Lyon, (France) has always been the European center of the silk-trade, and is still known for its outstanding quality of silk, especially the Jacquard Silk.
It became famous in the XV century, after a direct route between China and Lyon was created.
The climate, the quality and talent of the silkworkers, all added up to the innovation and creativity of endless possibilities.
One of the original innovaters was Joseph Jacquard, after whom this kind of silk is named. He invented this new way of weaving in 1805.
He was a silkweaver by profession and with his creation a whole new process was launched.
In 1839 a portrait of Joseph Jacquard was woven in silk on a Jacquard loom. It required 24.000 punched cards to create the picture.
This material is costly, because of the time and skill involved in making the Jacuard cards, preparing the loom to produce a new pattern, and the slowness of the weaving operation.

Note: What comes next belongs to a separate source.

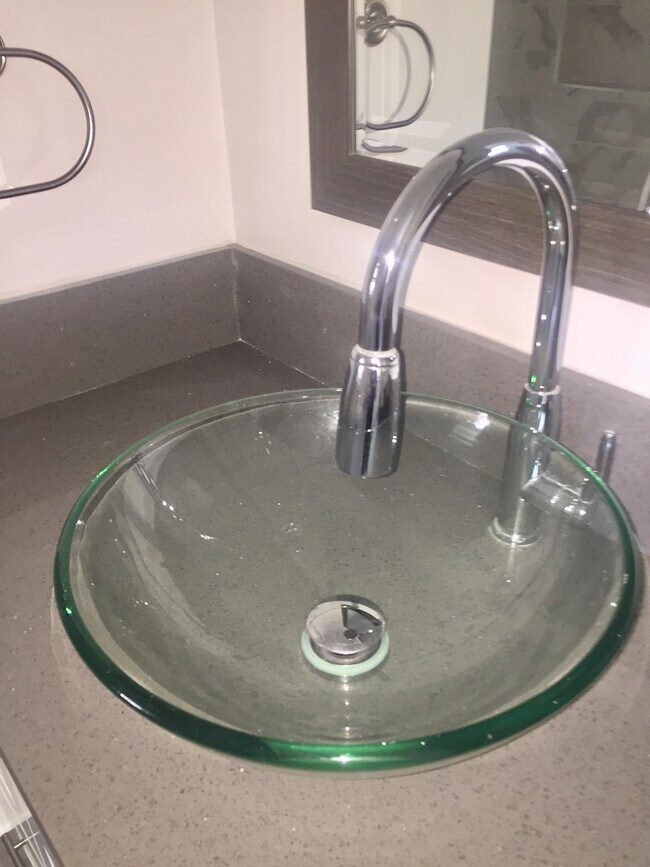 Building Photo - 124 S Oakhurst Dr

Beautiful Jacquard Silk designs are made today, and Damask and Brocades are just a few.
When painted, the lighter and darker shades of the patterns are even more visible and give that extra glow.
Across the globe expensive silk has been used by the Church. Kings and Queens still prefer their gowns in this lustrous material.
It is worth to visit the hill of La Croix Rousse, just outside Lyon, where you will find many museums telling the story of the "canuts" (French for silk workers). La Maison des Canuts, for example.
Today, silk is still produced in Lyon, but on a smaller scale then 150 years ago.
An original Jacquard loom can be seen in the Musée des Tissus et des Arts décoratif in Lyon.